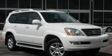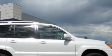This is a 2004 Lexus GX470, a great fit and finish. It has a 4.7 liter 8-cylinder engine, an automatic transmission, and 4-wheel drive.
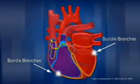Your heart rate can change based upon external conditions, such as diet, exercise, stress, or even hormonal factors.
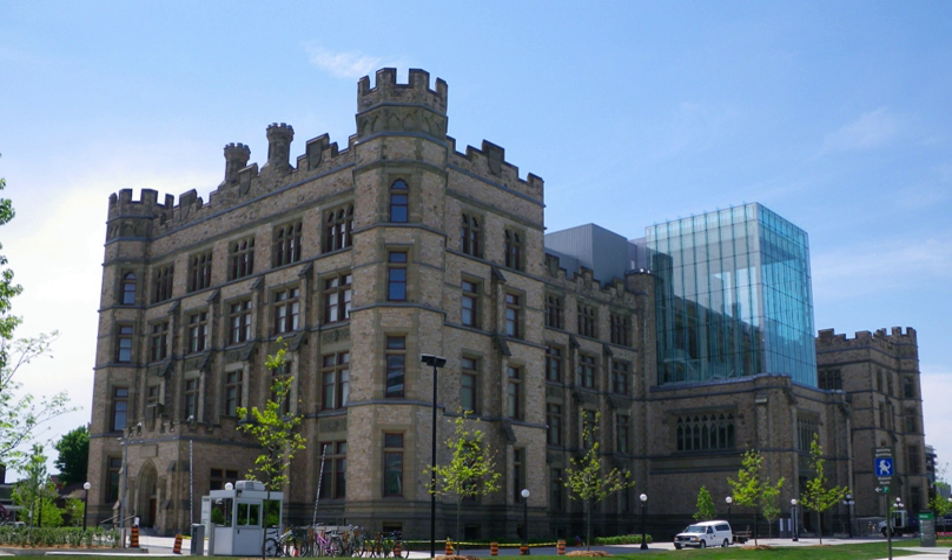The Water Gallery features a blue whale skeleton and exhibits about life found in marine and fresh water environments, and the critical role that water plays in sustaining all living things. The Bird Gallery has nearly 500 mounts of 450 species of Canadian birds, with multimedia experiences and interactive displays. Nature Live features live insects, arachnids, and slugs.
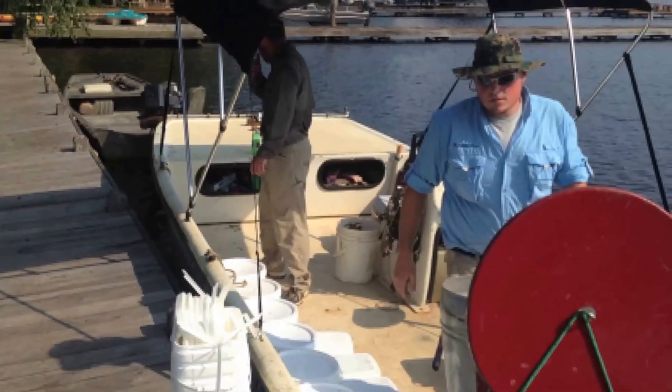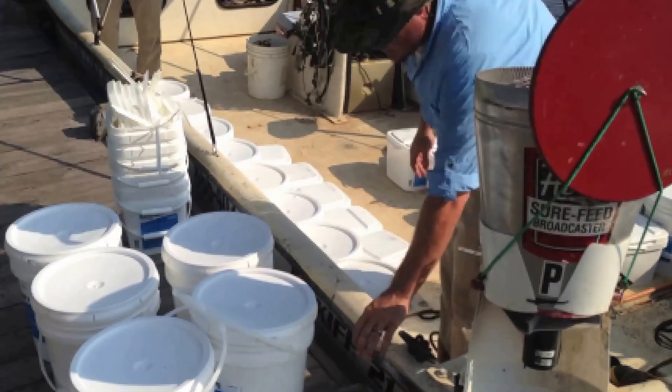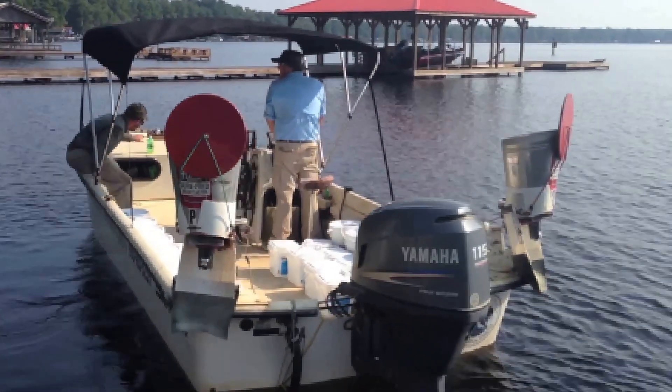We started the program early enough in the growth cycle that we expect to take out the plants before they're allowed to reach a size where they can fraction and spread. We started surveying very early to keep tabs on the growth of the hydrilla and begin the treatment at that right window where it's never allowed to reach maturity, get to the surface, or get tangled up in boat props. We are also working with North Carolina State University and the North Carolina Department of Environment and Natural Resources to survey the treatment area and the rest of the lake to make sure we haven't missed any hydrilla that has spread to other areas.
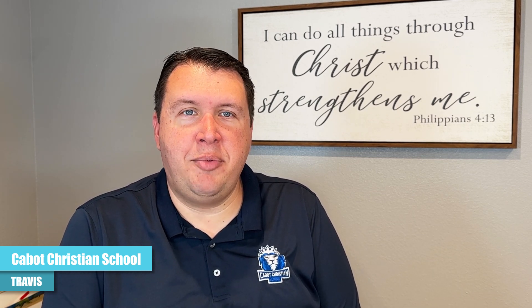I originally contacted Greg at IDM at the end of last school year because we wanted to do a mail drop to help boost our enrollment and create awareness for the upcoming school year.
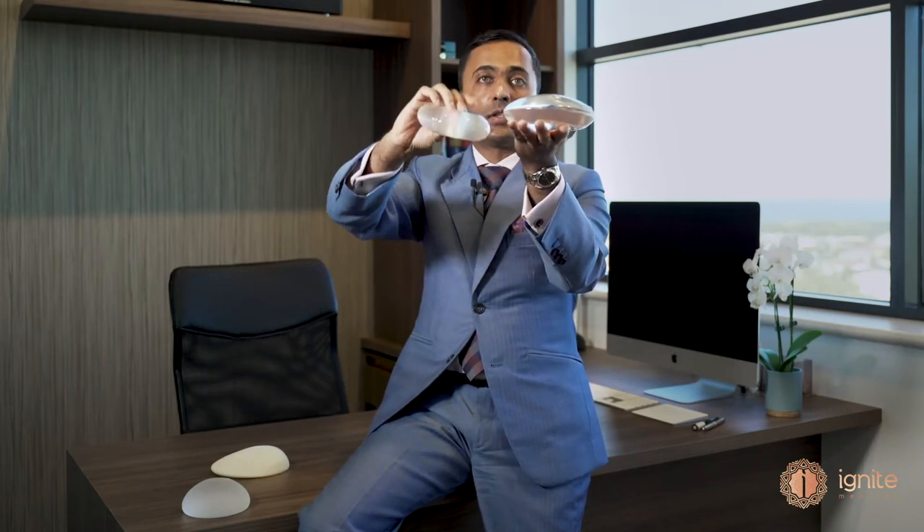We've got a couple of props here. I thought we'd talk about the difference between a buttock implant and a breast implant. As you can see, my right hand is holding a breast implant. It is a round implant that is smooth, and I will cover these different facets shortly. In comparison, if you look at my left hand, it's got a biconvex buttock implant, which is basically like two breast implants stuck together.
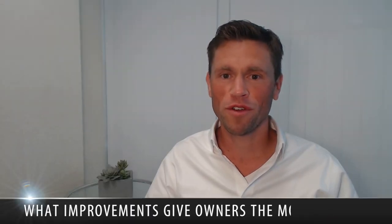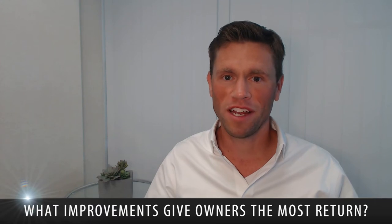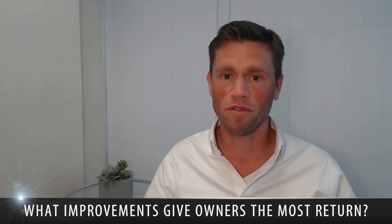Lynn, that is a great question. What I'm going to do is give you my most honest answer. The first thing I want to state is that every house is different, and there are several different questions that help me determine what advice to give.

**What is needed**. Repeat the entries exactly and keep the pictures out of the copy.

**Your solution**.
This is a 2004 Lexus GX470, a great fit and finish. It has a 4.7 liter 8-cylinder engine, an automatic transmission, and 4-wheel drive.
Your heart rate can change based upon external conditions, such as diet, exercise, stress, or even hormonal factors.
The Water Gallery features a blue whale skeleton and exhibits about life found in marine and fresh water environments, and the critical role that water plays in sustaining all living things. The Bird Gallery has nearly 500 mounts of 450 species of Canadian birds, with multimedia experiences and interactive displays. Nature Live features live insects, arachnids, and slugs.
We started the program early enough in the growth cycle that we expect to take out the plants before they're allowed to reach a size where they can fraction and spread. We started surveying very early to keep tabs on the growth of the hydrilla and begin the treatment at that right window where it's never allowed to reach maturity, get to the surface, or get tangled up in boat props. We are also working with North Carolina State University and the North Carolina Department of Environment and Natural Resources to survey the treatment area and the rest of the lake to make sure we haven't missed any hydrilla that has spread to other areas.
I originally contacted Greg at IDM at the end of last school year because we wanted to do a mail drop to help boost our enrollment and create awareness for the upcoming school year.
We've got a couple of props here. I thought we'd talk about the difference between a buttock implant and a breast implant. As you can see, my right hand is holding a breast implant. It is a round implant that is smooth, and I will cover these different facets shortly. In comparison, if you look at my left hand, it's got a biconvex buttock implant, which is basically like two breast implants stuck together.
Lynn, that is a great question. What I'm going to do is give you my most honest answer. The first thing I want to state is that every house is different, and there are several different questions that help me determine what advice to give.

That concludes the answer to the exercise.